I just started street evangelizing in Portland, Oregon. So far I'm 1 for 1.
Just so you know, my life is a mess right now. I've got no job, well... I have a job selling houses, but the market is dead, so really I have no job. And.... to top it off I keep feeling God tell me to go to a certain part of the city ( I'm not sure why or even exactly where yet) and teach people about the faith. I have no experience, no training, no education. My pastor, a great and holy man, just lost his mother - so he's not even here to help me figure this out. I don't know what I'm doing. But I went. Priest, prophet, and king, right. So I went yesterday to a park sort of in the area I felt I needed to go.
I approached one guy and asked him if I could speak to him about Jesus. "NO!", he said. O.K. moving on...

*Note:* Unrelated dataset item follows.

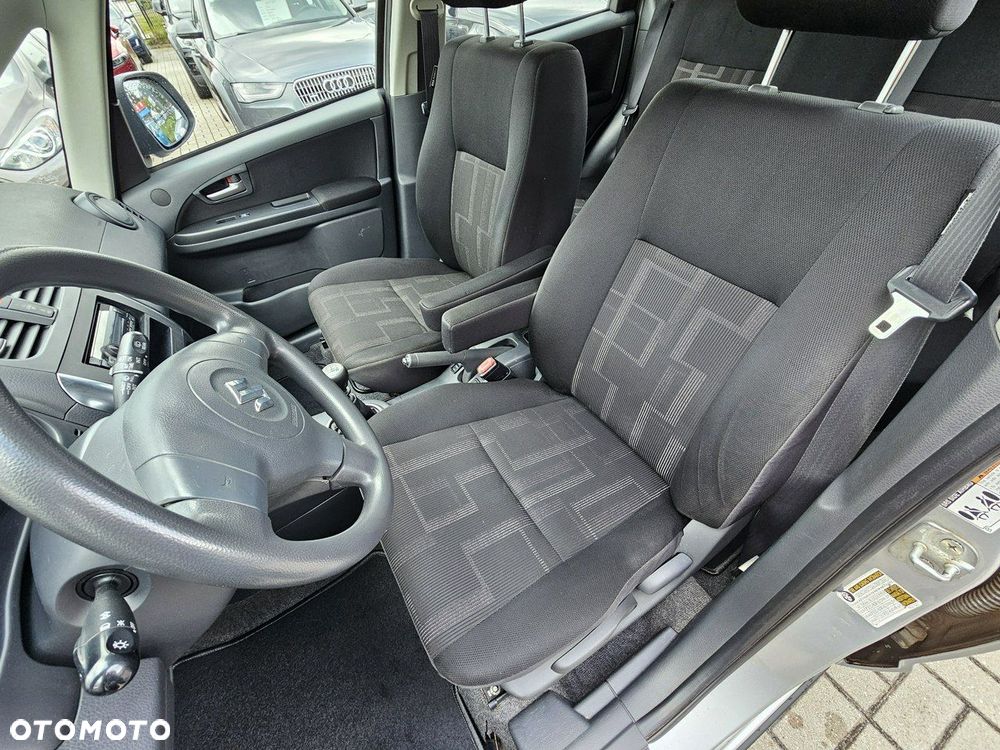Suzuki SX4 - 10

So, I moved to another spot in the park and just stood there like an idiot - Not knowing what to do next. I began to pray quietly to myself, and to praise God - again quietly to myself. When a guy approached me. I turned and smiled, said "hello" and then asked him if I could talk to him about Jesus. He said yes.
I spent an hour talking to him about Jesus. I prayed over him. And I listened to him. I don't know if I did any good at all. I hope that my words left seeds of hope within him that God will water. What a hard life he's lived. I talked with him about how Jesus loves us so much that he died a gruesome (spelling?) death for us - willingly.
I left after an hour wondering what if anything will come of my time there. Maybe next time, I'll just give my testimony out loud - even if no one is listening.
I am the only one hearing this call? Or, if not. Am I the only one answering it?